This somewhat lengthy post goes into the practical details of setting up a minature infrastructure and test stack on a single board or a cluster of identical boards. It is separated into two main parts - the physical part with the bare-metal OS (infrastructure) and the software-defined services part built on top (test/payload). You can use it as a story, as a tutorial or as a quick google search result for a particular problem (perhaps).

I wanted to approach this problem as an infrastructure problem. With separate layer for managing the hardware and the base OS and another layer for whatever is needed by the testing stack. This split seems to be natural in environments with separate testing team and infrastructure team, where their goals differ.

Infrastructure layer

At the infrastructure layer we're using Raspberry Pi 4B with 8GB of RAM, up-to-date EEPROM bootloader configured to boot from USB, a USB-SATA adapter with a low-cost 128GB SATA SSD. Those are significantly faster and more robust than micro SD cards.

Ubuntu 20.04 LTS + cloud-init

For the management side operating system I've been using Ubuntu 20.04 LTS. This version is, at the time of this writing, the latest long-term-support release. In the future I plan to upgrade to 22.04 LTS as that may cut one step required from the setup process.

The setup process involves two stages. Preparing the hardware itself (assembling everything, updating the boot firmware using raspbian, wiring everything together) and software setup (putting some initial image on the SSD).

Start with ubuntu-20.04.3-preinstalled-server-arm64+raspi.img.xz. You can copy it to your SSD with dd, for example, assuming that your SSD is at /dev/sdb and the downloaded image is the current directory: xzcat ubuntu-20.04.3-preinstalled-server-arm64+raspi.img.xz | sudo dd of=/dev/sdb conv=sparse bs=4M. This should take just a moment, since we use conv=sparse to detect and skip writing all-zero blocks.

We don't want to use the default ubuntu user. Instead we want some admin accounts, ssh keys and the like. We can achieve that with cloud-init by preparing a user-data file. Here's an edited (abbreviated) file I've used:

# SPDX-License-Identifier: Apache-2.0
# SPDX-FileCopyrightText: Huawei Inc.

- name: zyga
  gecos: Zygmunt Krynicki
  primary_group: zyga
  groups: users, adm, sudo, lxd
  shell: /bin/bash
  - "ssh-rsa (edited-out) zyga@hostname"

  list: [zyga:password]
  expire: true

hostname: pi4-1

  enabled: true

timezone: Europe/Warsaw

  - ssh

package_update: true
package_upgrade: true
package_reboot_if_required: true

This file is extremely basic and has some short-cuts applied. The real file I've used registered the system with our management and our VPN systems. This did bring additional complexity I will talk about later. For the moment you can see that it gives me a single user account, with authorized key and a fixed password that has to be changed on 1st boot. There's also a fixed hostname, ntp and time zone configuration, initial set of packages to install and a request to update everything on first boot. Ssh is important since we want to be able to log in and administer the device remotely.

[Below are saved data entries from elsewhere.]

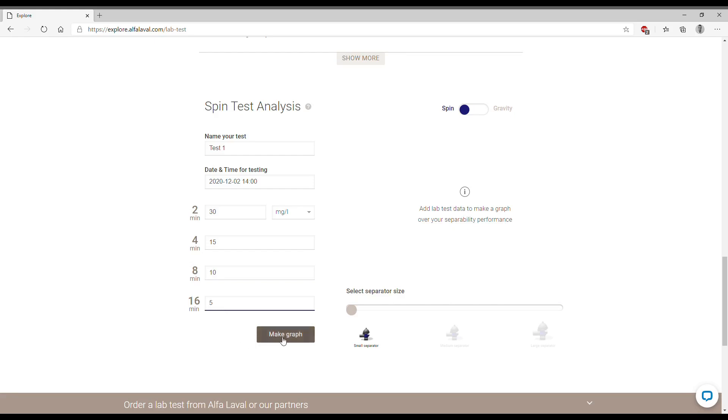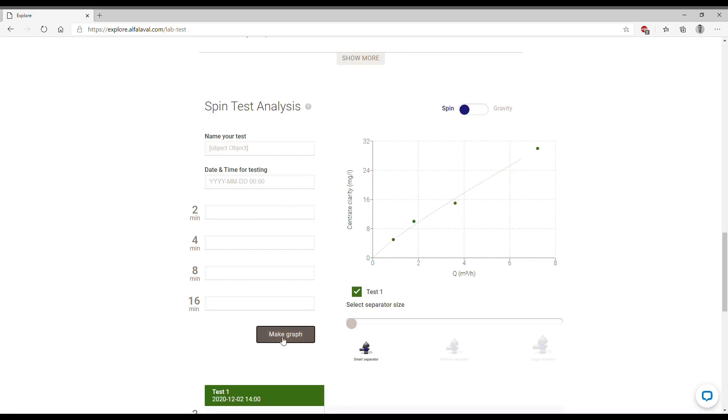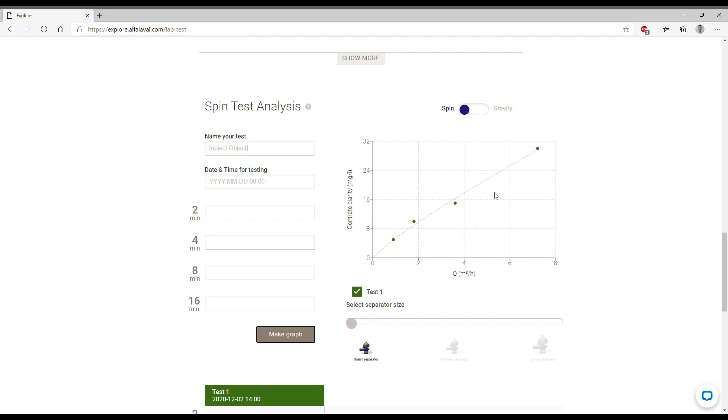We can then make the graph which will be the one showing the scaled up results. So this is how the results look like in this graph on the right and you see now that we selected a small separator. This graph is basically telling us that based on the results of the spin test we should have this performance when choosing a small separator.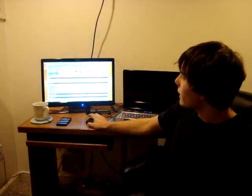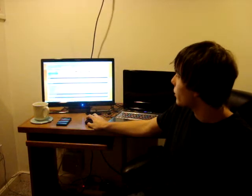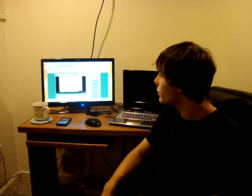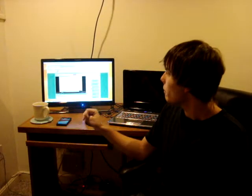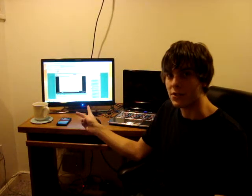Hi guys. I'm here to talk to you today about the AutoHotKey tutorials that I've been doing, and we're going to go in a little bit of a different direction with them. I've been making them and uploading them to YouTube, but so has someone else.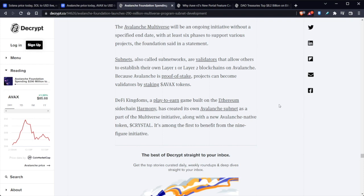Subnets, also known as subnetworks, are validators that allow others to establish their own Layer 1 or Layer 2 blockchain on Avalanche. Because Avalanche is proof-of-stake, projects can become validators by staking the native token, also known as AVAX.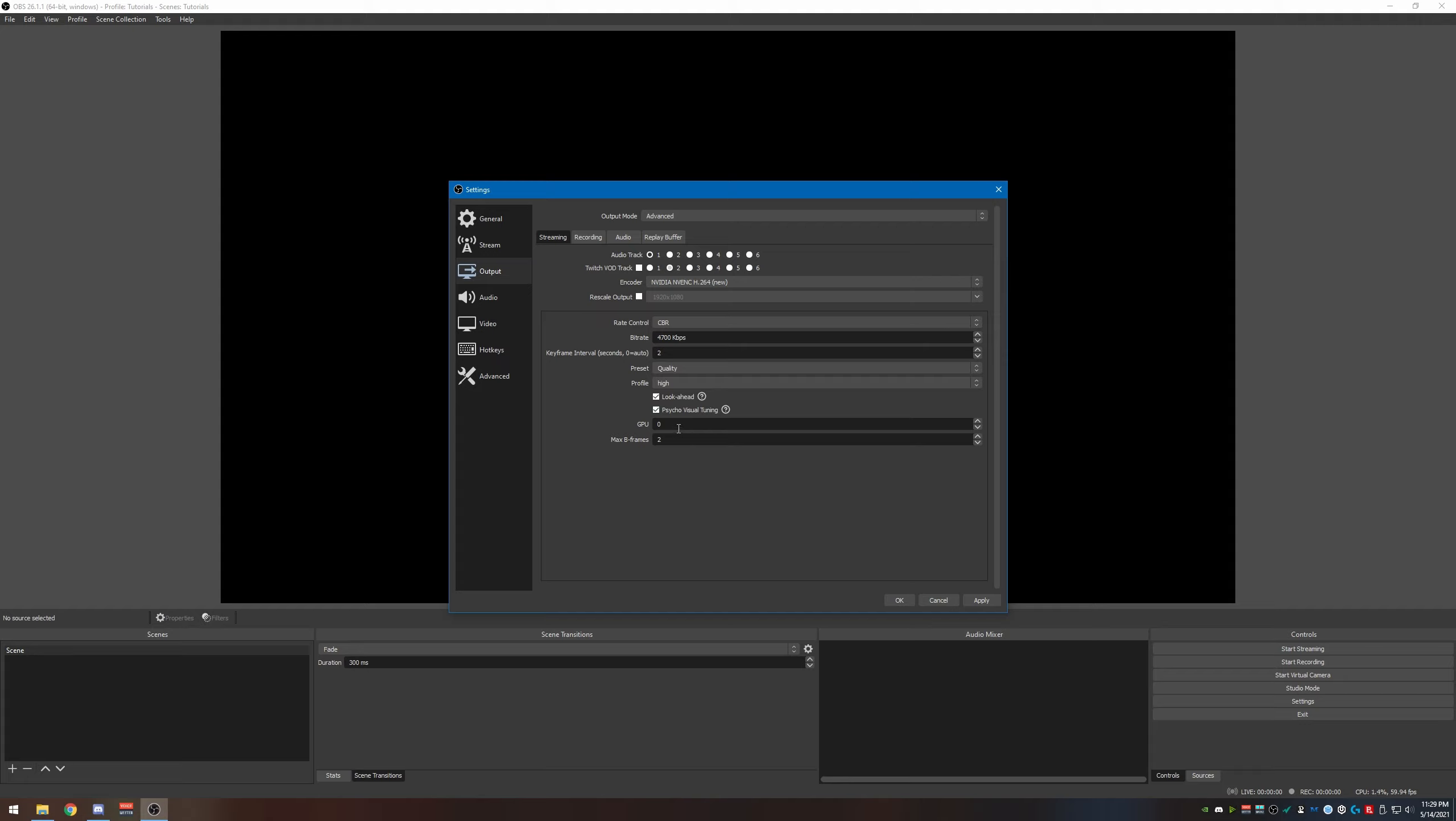GPU, by default it says zero which everybody is going to be using zero unless you happen to have multiple GPUs in your gaming rig. If not, just leave it on GPU zero. Max B-frames needs to be set to two also. Once you get that done, click apply.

Normally I would not set the password at all but during development it is very useful to be able to login interactively from the console or over the serial port. The cloud-init user-data file can be provided in one of several ways, but one that's low-cost and easy to do is to copy the file to the root directory of the boot partition (which is the first partition in the image). We'll do that shortly but first... some caveats.

In a perfect world that would be all that we need. I sincerely hope so for when Ubuntu 22.04 ships, that will be true. With no more u-boot and a more recent kernel, improved systemd and cloud-init. For the current Ubuntu 20.04 LTS, there are a few extra steps to cover.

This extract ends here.